• EXERCISE REQUIREMENTS:
Everything in the listing below from the line containing "Stackable Bracelet Set" through the line containing "Zen Transparent USB Water Fountain" must be repeated exactly; the remaining lines are not wanted.

• DATASET CONTENT:
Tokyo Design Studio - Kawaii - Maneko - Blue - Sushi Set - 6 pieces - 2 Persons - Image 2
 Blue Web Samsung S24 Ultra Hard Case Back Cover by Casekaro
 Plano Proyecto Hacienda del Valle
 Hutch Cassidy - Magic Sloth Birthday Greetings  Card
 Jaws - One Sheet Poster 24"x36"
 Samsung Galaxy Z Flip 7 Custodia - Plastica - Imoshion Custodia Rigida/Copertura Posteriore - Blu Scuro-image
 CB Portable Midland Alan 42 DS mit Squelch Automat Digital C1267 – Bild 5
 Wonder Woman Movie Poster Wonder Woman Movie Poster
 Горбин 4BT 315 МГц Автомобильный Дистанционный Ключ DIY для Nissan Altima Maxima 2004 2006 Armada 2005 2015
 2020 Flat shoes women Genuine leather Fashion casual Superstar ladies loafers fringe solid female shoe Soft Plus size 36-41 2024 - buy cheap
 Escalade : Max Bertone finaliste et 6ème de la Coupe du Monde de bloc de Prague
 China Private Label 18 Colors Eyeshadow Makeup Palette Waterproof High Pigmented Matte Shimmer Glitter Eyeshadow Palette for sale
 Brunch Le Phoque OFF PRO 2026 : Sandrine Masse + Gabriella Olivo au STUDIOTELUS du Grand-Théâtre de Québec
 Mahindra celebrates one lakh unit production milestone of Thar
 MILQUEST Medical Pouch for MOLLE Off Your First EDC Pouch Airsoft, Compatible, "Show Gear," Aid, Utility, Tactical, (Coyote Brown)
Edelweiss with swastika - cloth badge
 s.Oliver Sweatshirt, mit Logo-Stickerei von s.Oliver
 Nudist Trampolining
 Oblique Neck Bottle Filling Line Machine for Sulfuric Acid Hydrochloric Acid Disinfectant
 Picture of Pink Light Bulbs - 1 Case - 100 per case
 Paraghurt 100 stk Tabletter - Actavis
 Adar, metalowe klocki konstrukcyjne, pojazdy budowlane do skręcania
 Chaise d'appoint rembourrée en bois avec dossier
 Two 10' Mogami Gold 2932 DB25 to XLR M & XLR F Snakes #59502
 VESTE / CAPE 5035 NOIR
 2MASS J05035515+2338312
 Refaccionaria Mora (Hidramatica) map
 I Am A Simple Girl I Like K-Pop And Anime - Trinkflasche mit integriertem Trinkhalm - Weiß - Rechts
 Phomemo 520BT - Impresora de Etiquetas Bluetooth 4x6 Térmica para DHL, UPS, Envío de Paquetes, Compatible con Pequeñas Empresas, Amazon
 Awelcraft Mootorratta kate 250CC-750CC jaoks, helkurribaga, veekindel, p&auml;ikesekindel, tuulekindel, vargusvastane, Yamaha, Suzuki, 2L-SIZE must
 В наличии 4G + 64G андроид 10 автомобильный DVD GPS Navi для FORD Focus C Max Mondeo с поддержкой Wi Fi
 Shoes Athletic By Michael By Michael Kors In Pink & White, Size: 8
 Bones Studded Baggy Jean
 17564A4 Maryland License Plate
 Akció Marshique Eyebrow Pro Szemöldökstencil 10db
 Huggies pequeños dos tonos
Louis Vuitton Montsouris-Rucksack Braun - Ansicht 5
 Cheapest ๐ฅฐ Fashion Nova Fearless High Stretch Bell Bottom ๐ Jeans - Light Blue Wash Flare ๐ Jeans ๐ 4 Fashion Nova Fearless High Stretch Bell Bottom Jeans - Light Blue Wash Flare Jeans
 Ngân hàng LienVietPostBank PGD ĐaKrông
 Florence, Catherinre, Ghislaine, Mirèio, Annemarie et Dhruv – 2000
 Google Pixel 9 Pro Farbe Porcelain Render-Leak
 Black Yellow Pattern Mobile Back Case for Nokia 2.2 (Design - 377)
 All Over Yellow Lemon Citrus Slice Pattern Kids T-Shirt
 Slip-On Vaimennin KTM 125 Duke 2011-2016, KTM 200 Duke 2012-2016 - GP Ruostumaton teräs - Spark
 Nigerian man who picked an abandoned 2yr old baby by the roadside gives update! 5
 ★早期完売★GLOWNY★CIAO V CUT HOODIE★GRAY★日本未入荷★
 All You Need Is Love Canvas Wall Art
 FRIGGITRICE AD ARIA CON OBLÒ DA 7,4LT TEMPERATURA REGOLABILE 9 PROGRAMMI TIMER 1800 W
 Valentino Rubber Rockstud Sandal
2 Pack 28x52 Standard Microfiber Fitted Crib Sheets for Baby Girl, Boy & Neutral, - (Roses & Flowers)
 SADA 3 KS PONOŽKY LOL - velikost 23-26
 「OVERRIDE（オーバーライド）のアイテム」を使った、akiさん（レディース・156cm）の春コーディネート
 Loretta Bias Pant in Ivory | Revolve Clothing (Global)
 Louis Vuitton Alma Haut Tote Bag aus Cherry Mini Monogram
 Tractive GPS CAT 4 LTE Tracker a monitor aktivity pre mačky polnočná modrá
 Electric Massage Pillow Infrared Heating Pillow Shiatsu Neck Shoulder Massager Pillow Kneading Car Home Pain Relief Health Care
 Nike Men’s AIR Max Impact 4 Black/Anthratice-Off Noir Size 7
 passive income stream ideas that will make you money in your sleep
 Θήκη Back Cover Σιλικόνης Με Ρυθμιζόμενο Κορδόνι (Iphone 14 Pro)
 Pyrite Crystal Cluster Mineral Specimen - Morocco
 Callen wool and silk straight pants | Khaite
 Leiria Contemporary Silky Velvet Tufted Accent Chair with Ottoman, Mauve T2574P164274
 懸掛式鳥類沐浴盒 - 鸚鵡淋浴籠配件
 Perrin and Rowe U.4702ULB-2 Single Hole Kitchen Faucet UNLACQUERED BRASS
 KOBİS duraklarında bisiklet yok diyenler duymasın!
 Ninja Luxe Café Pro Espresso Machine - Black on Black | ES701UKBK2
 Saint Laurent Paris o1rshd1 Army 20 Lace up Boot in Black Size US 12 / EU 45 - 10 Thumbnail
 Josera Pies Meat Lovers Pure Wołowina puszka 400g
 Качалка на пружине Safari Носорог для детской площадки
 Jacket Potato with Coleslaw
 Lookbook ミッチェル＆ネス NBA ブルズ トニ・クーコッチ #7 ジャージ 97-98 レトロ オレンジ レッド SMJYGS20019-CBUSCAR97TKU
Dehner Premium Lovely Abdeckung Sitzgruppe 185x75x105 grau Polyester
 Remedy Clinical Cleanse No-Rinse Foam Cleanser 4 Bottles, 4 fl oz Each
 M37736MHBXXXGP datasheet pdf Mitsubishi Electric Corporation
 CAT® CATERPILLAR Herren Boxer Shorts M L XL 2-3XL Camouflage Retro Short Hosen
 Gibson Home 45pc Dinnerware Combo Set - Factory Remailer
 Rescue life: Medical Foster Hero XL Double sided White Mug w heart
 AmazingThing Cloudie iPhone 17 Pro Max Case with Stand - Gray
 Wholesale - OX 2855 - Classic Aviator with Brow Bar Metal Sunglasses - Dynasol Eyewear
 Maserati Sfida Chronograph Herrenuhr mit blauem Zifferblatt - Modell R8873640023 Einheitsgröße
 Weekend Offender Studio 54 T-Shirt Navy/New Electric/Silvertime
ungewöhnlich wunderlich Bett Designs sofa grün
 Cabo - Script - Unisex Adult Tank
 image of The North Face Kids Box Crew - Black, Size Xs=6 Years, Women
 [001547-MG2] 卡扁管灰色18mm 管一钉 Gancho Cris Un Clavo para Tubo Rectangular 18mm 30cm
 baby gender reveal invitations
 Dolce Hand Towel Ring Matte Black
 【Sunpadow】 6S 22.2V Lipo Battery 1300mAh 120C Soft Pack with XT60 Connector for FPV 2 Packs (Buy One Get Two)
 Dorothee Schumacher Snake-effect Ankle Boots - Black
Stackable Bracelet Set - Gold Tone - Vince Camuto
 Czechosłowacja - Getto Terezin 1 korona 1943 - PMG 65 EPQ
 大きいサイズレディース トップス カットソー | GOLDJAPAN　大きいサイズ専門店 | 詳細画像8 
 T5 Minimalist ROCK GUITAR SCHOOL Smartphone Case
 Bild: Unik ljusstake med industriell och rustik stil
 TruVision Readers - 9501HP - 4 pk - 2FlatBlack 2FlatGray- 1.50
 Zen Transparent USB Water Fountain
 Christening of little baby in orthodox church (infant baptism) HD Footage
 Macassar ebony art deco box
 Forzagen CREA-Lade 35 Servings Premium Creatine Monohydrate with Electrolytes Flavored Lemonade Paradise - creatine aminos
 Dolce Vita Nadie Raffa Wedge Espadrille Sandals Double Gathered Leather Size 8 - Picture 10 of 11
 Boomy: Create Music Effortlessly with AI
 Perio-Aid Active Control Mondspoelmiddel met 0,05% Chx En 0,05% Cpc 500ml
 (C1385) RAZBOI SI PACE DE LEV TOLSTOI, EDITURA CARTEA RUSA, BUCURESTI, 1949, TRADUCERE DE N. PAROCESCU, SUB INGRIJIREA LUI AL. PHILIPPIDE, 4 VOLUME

• RESULT BELOW:
Stackable Bracelet Set - Gold Tone - Vince Camuto
 Czechosłowacja - Getto Terezin 1 korona 1943 - PMG 65 EPQ
 大きいサイズレディース トップス カットソー | GOLDJAPAN　大きいサイズ専門店 | 詳細画像8 
 T5 Minimalist ROCK GUITAR SCHOOL Smartphone Case
 Bild: Unik ljusstake med industriell och rustik stil
 TruVision Readers - 9501HP - 4 pk - 2FlatBlack 2FlatGray- 1.50
 Zen Transparent USB Water Fountain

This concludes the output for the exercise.